As with everything there is a list of pros and cons to the workaround. I'll start with the cons:
- It will be slow. Not only are you going to contend with how slow Rings servers are anyway you'll also have to contend with your communication with Rings server having to go halfway around the world and back. This will add time. It may make communication so slow that RPA thinks it can't communicate with the server. That shouldn't happen though.
- Only one person at a time can use the proxy. This is due to the combination of how Rings server works with it's fixed source port and the fact that I only have one IP address to use for the proxy.
- When someone else is using the proxy I can't use RPA myself to download from Ring's server (see above point).

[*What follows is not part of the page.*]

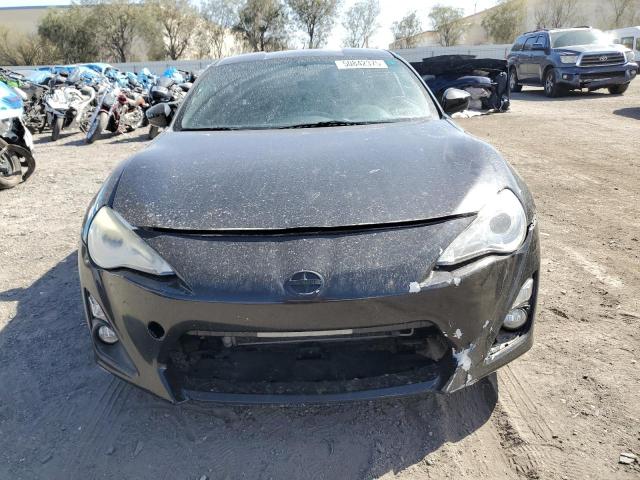 2014 Toyota Scion VIN JF1ZNAA12E8706567 COPART salvage auction — SIDE, Nv - Salvage Title, sold $1,600 on 2026-07-03 (photo 5)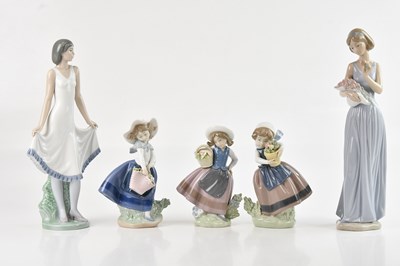 Lot 1219 - LLADRÓ; three ceramic figures, each of girls...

- There is probably bugs I haven't found and fixed yet.
Pros:
- If you have very cool freinds or very understanding relatives who are not CGNAT'ed you could set a copy of the proxy up at their place, all you'd need is a Raspberry Pi and a copy of the proxy code*
The software was only supposed to be proof of concept of the various parts of the software and then I was going to code it in a more modern framework. I got carried away and kept on going in the old framework I was programming in. If the softwware works I probably won't redo it in the modern framework.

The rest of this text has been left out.